Redefining fashion standards
Feminist activist Julie Artacho reflects on the lack of body diversity in fashion.
I have loved fashion magazines ever since I was a teen. Poring over copies of Clin d’oeil and ELLE Québec, I liked to study the layouts, clothing, hairstyles, make-up, colour, poses, expressions and beautiful models. These magazines were like little works of art for me, and I would scrutinize them the same way I would a museum exhibition. They fascinated me.
It was not until I was older that I realized many teenage girls developed complexes looking at the models in these magazines. It had never even occurred to me to compare myself to an adult woman 5 feet 11 inches tall. I thought people were only interested in the beauty of the images themselves, not the slimness of the models.
I was born in 1983 so I grew up in an era when any actress with a round face and full hips was considered plump, or big. I therefore internalized the fact that my own size was not really something that people wanted to see on television, in a movie or in a fashion magazine. I continued to consume all these cultural products, though I did not realize how this lack of positive representation would later affect me.
''Perles rondes''
My first memory of a fashion shoot featuring a curvy model goes back to 1997, when ELLE Québec published a feature entitled Perles rondes by photographer Carl Lessard.
I did not see another plus-size model in the pages of the same magazine until 2009, 12 years later: a bathing suit spread by photographers Leda & St.Jacques of model Crystal Renn. The same model was featured in another magnificent photo shoot for the magazine in early 2010, again photographed by Leda & St.Jacques.
In an interview with La Presse, Denis Desro, the ELLE Québec fashion editor when the latter issue came out, talked about the challenges of finding clothing to fit the model because brand samples are generally only available in small sizes. “We started with stretchy garments, which we left open in the back. In one instance, we simply had to lay a dress over Crystal, because she couldn’t put it on.”

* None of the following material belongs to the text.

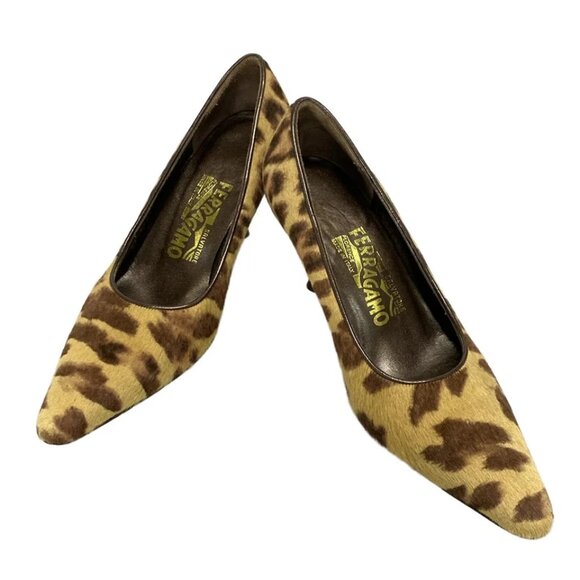 Salvatore Ferragamo-Beige Brown Dark Brown Unborn Calf Leather Pumps 132-081425 - Picture 2 of 10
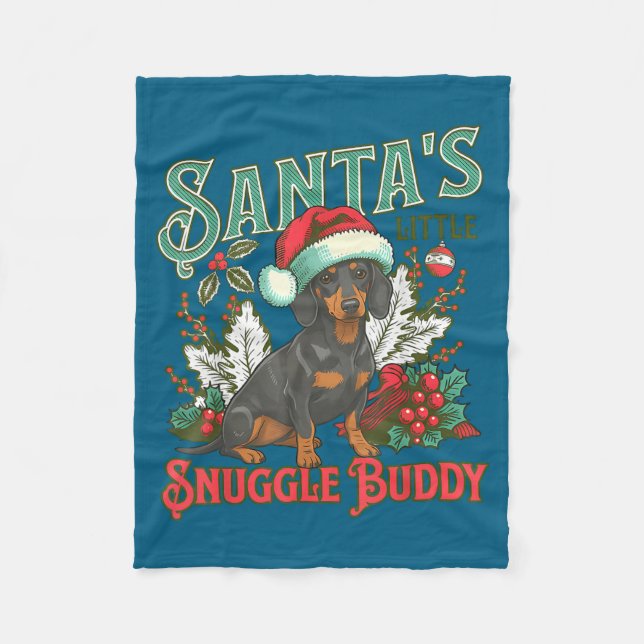 Couverture Polaire Cute Dachshund Dogs Christmas Lights Santa Holiday (Devant)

For me, the photograph of Crystal nude, covered by a beautiful dress since she could not wear it, epitomized one of the biggest issues of representation with regard to full-figure people in fashion magazines.
Where are the curvy people?
The photographs presented in the exhibition Norman Parkinson: Always in Style perfectly illustrate the lack of body—and cultural—diversity in the fashion world before the mid-20th century. It would be several years before black or plus-size models would grace the pages of magazines.
In 1966, Donyale Luna became the first African-American model to make the cover of British Vogue. She was followed in 1974 by Beverly Johnson, who graced the cover of the American edition of Vogue. However, it was not until 2017 that plus-size model Ashley Graham appeared on the cover of both the American and British Vogue. In Quebec, Justine LeGault was the first plus-size model to pose for the cover of ELLE Québec.
A big problem
It is easy to dress thin celebrities and models in incredible outfits for fashion magazine cover shoots, but the same options do not appear to be available for plus-size individuals.
I believe that the lack of representation of bigger people in fashion photography is a complex problem that will only be solved when multiple media start making changes.
We are still fighting for greater diversity on television and movie screens, so we can see individuals of diverse cultures and body types in starring roles. Given that magazines (and their covers) primarily feature faces known to the general public, it is difficult to present famous plus-size people because so few of them are part of the dominant culture. Although more and more agencies are hiring fashion models in the “curvy” category, this practice then raises another problem: the disparity in the supply of regular and plus-size clothing.
In a photo shoot with a “standard size” model, stylists have access to more boxes of clothing than they know what to do with, while this is not the case for someone wearing size 2XL or higher.
That being said, Quebec is home to several designers who are creating magnificent plus-size clothing that would be ideal for the pages of a magazine. We must break this vicious circle by deconstructing our prejudices against big people. To do so, there must be greater on-screen diversity, the fashion industry needs to stop shutting out plus-size customers, and magazines have to dare present voluptuous bodies more often.
As I noted in my conversation about the lack of representation in media and advertising with journalist Camille Robillard in the magazine Les Affaires: “If we want to see more big people in the media, there must things for them to wear. For them to have fashion options, they must be valued, and for them to be valued, they must have a media presence.”
* The term “big” is used for descriptive purposes and is not meant to be pejorative in any way.